GE partners with AWS to facilitate data access and AI development

Among other goals, GE Healthcare aims to help providers scale their ability to aggregate all data types and formats to extract insights, while providing easier access to regulatory cleared AI algorithms.
Jeff Rowe

Get the right data to healthcare providers at the time they need it, and chances are overwhelming that patient care will be significantly improved.

To that end, and to help facilitate the necessary transition to a faster moving, more decentralized data access system, GE Healthcare recently announced a strategic collaboration with Amazon Web Services (AWS) to deliver AI and cloud-based imaging solutions, integrated data, and clinical and operational insights to hospitals and healthcare providers.

In particular, GE will be moving to the cloud both its Edison Health Services platform and its newest AI-powered imaging tool, the Edison True PACS picture archive and communication system.

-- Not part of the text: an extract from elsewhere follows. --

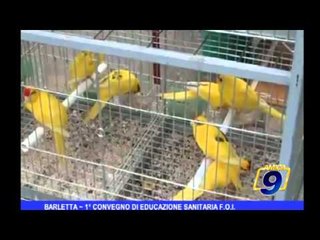 Barletta | 1° convegno di educazione sanitaria F.O.I.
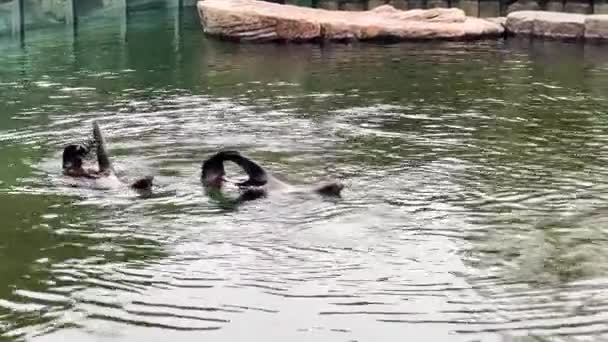 Delightful Performance Two Seals Water Could Easily Confused Performances Synchronized — Stock video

“As the world moves towards a more virtualized and distributed care delivery model with home care, remote patient management, and increased use of AI, radiologists and other clinicians need easy access to data that is seamlessly integrated, aggregated, and visualized in applications and services across modalities and within their existing workflows, said Amit Phadnis, Chief Digital Officer at GE Healthcare, in a statement. “By doing this at scale, we are helping to drive clinical outcomes and achieving our goals of transforming healthcare to be more efficient and personalized.”

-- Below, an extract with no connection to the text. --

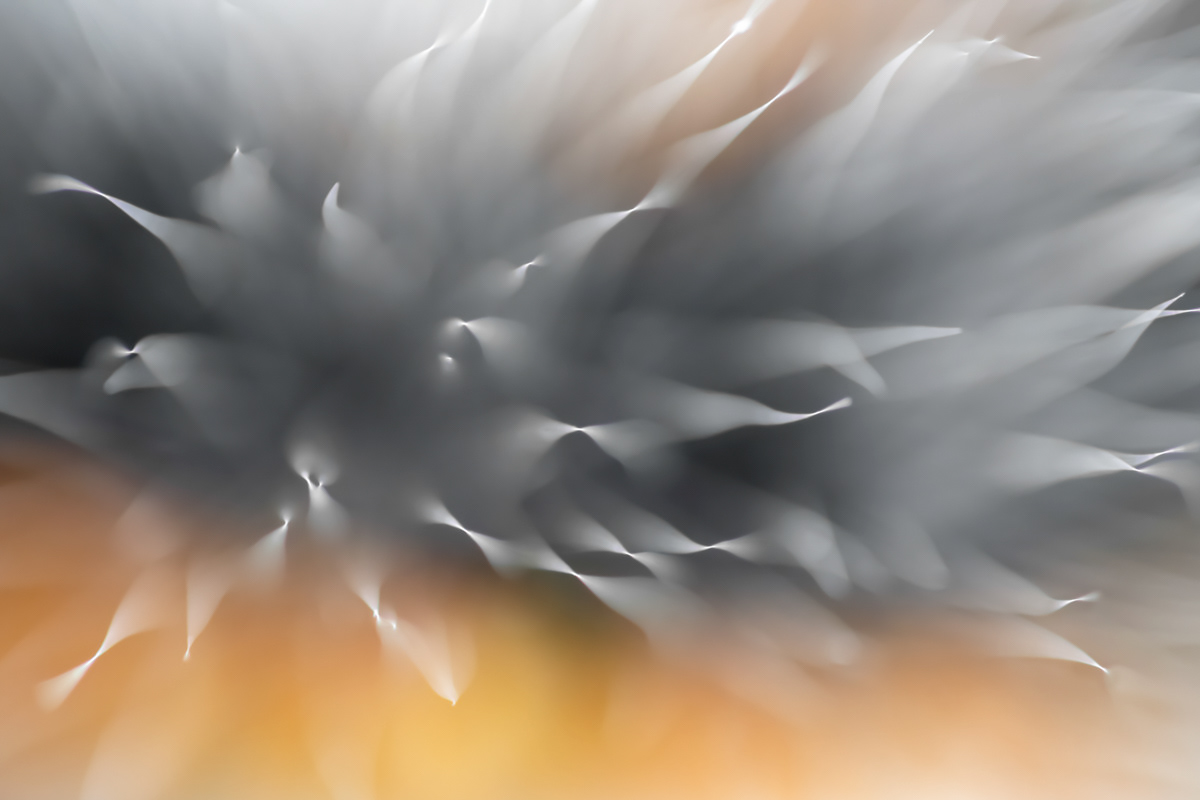 great tiger moth caterpillar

The Edison Health Services system is designed give hospital customers the ability to integrate and assimilate significant amounts of data from disparate sources using the cloud, thus increasing clinical efficiency and productivity and helping clinicians improve patient care.

GE Healthcare will also offer its Edison data aggregation and AI analytics platform on AWS to help developers build, test, and validate new AI models more easily, while facilitating the adoption of novel applications into clinical workflows. The company also plans to make additional products within its imaging portfolio available on AWS including AI-based advanced image processing applications that radiologists use.

As for Edison True PACS, while the company says upgrading PACS systems has traditionally been a slow and expensive undertaking for hospitals and imaging centers, leveraging a cloud-based PACS solution will reduce the need for complicated and lengthy PACS upgrades in the future and help to ensure that radiologists always have the latest tools to benefit their patients while ultimately lowering the total cost of ownership, and keeping pace with the growing workloads and complexity that occurs within the hospital. 

“By allowing GE Healthcare and AWS to handle the backups and duplication of the data, we can reduce our backup workload on site while knowing our data is secure,” said Richard Duemmling, Chief of Business Operations at Neuro Imaging in Winter Park, Florida. “From our perspective, this presents an opportunity for significant savings by eliminating the costs associated with onsite hosting and data storage.”